You also have to look at the historical context. The late ’60s were a golden age for pitching, which was quite the opposite of this homer-crazy era we’re in now. To demonstrate, only one Astro hit more than six home runs in 1968, and that was Wynn with 26. The team as a whole hit 66 homers, so Wynn accounted for almost 40 percent of the team’s homers that year.
He was never one to hit for a high average, but he drew a lot of walks and hit plenty of bombs and had a real knack for hitting those tape measure shots. He was the first player to hit three home runs in one game in the Astrodome, with each one traveling more than 400 feet. There was a seat in the dome’s upper deck that he hit and was later marked in his honor.

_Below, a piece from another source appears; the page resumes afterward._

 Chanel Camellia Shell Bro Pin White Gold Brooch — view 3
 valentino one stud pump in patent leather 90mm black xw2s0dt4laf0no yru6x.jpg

Unfortunately, Wynn and teammate Joe Morgan frequently clashed with manager Harry Walker, who wanted them to be more like slap hitters. It resulted in Morgan being traded to the Reds, and Wynn was ultimately traded as well. He had a great first year with the Dodgers, including hitting a homer in the World Series, but was later traded to Atlanta in a package for Dusty Baker.
When all was said and done, Wynn finished with 291 career homers, and his 55.8 WAR is better than several Hall of Famers. He was the type of player whose game would be more appreciated in modern times than it was back then. But let’s take a moment to appreciate what The Toy Cannon means to the Astros franchise as one of its all-time great players.